Les insurgés à l’Est avaient des raisons de résister. Des unités néofascistes armées avaient participé au renversement du gouvernement. Leur idéologie – férocement antirusse, y compris vis-à-vis la mémoire historique des Russes ukrainiens et l’usage de la langue russe en Ukraine – était bien représentée dans le nouveau gouvernement. Les néofascistes, dont certains formés militairement par le Canada, ont depuis joué un rôle important dans les combats de l’Est. Ils ont infiltré les forces armées et la police ukrainiennes, culminant en novembre dernier avec la nomination de Dmytro Yarosh, une figure néofasciste de premier plan, en tant que conseiller du commandant en chef des forces armées.

En 2014 et 2015, Kiev a négocié les accords de Minsk avec les insurgés de l’Est sous les auspices de la France et de l’Allemagne. Ces accords visaient à résoudre le conflit, entre autres, en accordant aux provinces de l’Est une certaine autonomie. Mais l’opposition des néofascistes a empêché leur mise en œuvre. Pendant ce temps, alors que les russophones représentaient plus de la moitié de la population ukrainienne, le gouvernement a banni le russe comme langue d’enseignement à tous les niveaux de l’éducation, a sévèrement restreint les médias russophones, interdit les divers partis communistes ukrainiens, arrêté des personnalités favorables à la Russie, et a propagé énergiquement la version néofasciste et antirusse de l’histoire de l’Ukraine.

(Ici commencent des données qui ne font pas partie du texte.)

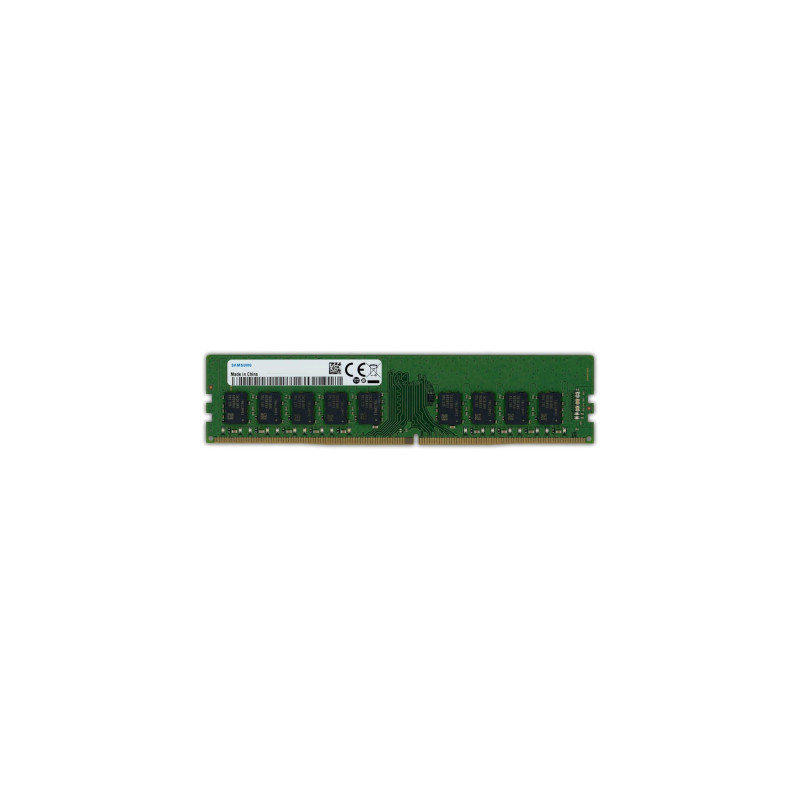 Модуль пам'яті для комп'ютера DDR4 16GB 3200 MHz Samsung (M378A2G43CB3-CWED0)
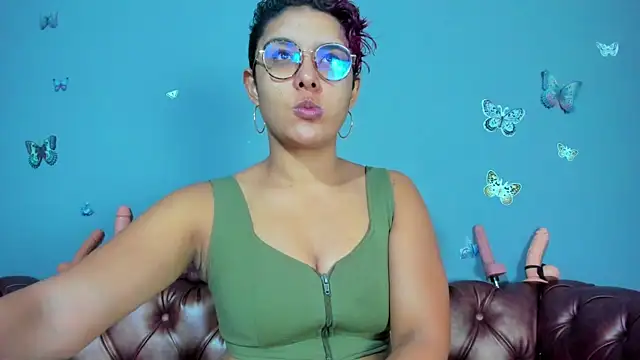 Kaira mosse online show from 12, 7, 2026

En avril 2019, l’actuel président de l’Ukraine, Volodymyr Zelensky, s’est présenté aux élections avec une plateforme faisant un appel à la paix contre un candidat sortant belliciste, et a remporté le vote par 73,2 % des voix. Mais il a immédiatement fait face à une opposition sévère, dirigée par des éléments néofascistes, proférant ouvertement des menaces de mort envers des politiciens. Un mois après les élections, Dmytro Yarosh a déclaré publiquement que «  si Zelensky trahissait l’Ukraine, il perdrait non seulement son poste, mais sa vie.  » Il n’a fallu que quelques brefs mois à Zelensky pour abandonner tout effort visant à donner vie aux accords de Minsk et à épouser les positions belliqueuses de son adversaire vaincu.

Quand Poutine parle de « dénazification » de l’Ukraine, c’est à l’influence ultra-nationaliste néofasciste qu’il fait référence, mais en l’assimilant faussement à l’ensemble du gouvernement, de l’armée et à tout citoyen nationaliste. L’élimination de cette influence est pour lui une condition pour garantir que l’Ukraine reste en dehors de l’OTAN, ainsi qu’une exigence pour la sécurité des habitants de Donetsk et de Lougansk et pour la protection des droits culturels et linguistiques de l’importante population russophone d’Ukraine.

Reconnaître les responsabilités

Cet article s’est concentré sur la responsabilité de l’OTAN et de Kiev dans cette guerre, puisque cette responsabilité a été complètement occultée par notre gouvernement et par les grands médias. Mais quelles que soient les causes de l’incitation à la guerre, c’est Moscou qui en a pris la décision et en porte la plus lourde responsabilité.

Toutefois, il faut le reconnaître, le Canada, en poussant Kiev dans une guerre qu’elle ne pourra absolument pas gagner plutôt que de faire pression sur l’OTAN pour qu’elle déclare ne jamais accepter l’Ukraine dans ses rangs, porte également sa part de responsabilité. En tant que Canadiens et Canadiennes, nous la partageons si nous gardons le silence sur l’implication de notre gouvernement dans cette guerre et si nous ne nous opposons pas à l’expansion de l’OTAN – en fait, à son existence même en tant que force belliqueuse – et à son rôle dans l’armement de l’Ukraine.


[1] Traduction libre. Voir Tariq Ali, « Before the War », London Review of Books, Vol. 44, N° 6, mars 2022.